■ **DIRECTIONS FOR THIS TASK**
Which lines below fall between the one containing "High quality Valentino" and the one containing "Una foto de Sopa de fideo con pollo"? Repeat them exactly, counting both of those lines, and add nothing else.

-------- EXERCISE DATA --------

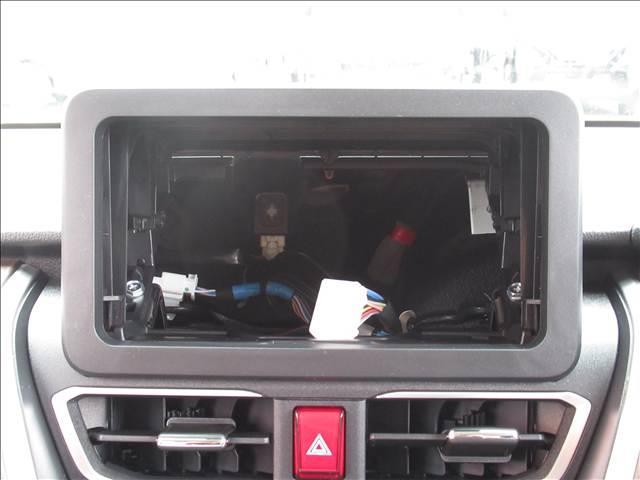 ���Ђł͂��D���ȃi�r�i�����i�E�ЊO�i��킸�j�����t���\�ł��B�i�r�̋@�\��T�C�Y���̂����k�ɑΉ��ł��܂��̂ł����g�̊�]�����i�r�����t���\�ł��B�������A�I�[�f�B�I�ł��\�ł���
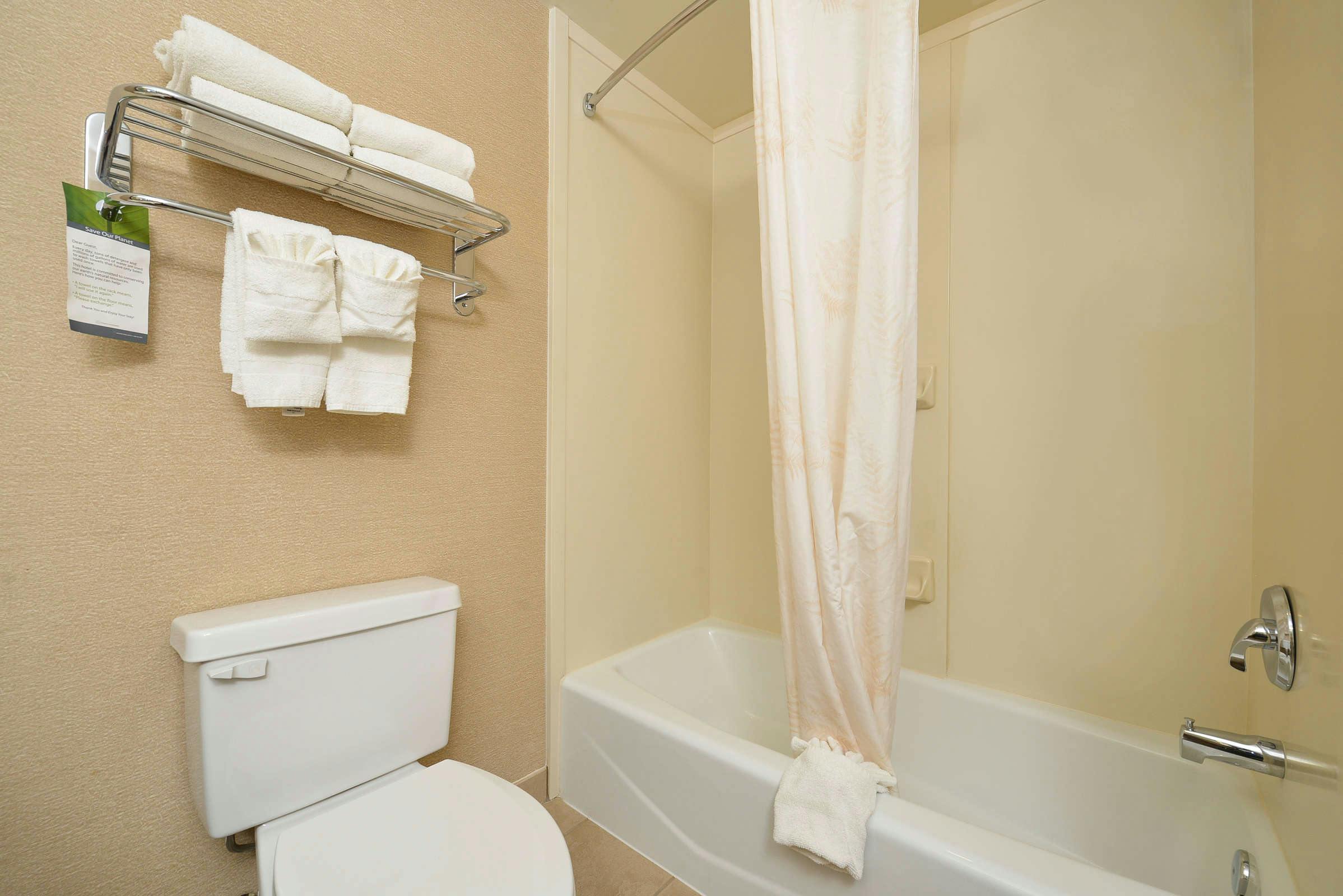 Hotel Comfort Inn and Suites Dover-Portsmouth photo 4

--------
-------- EXERCISE DATA --------

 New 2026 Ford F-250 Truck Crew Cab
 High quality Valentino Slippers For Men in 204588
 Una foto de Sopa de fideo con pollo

--------

■ **YOUR SOLUTION**
 High quality Valentino Slippers For Men in 204588
 Una foto de Sopa de fideo con pollo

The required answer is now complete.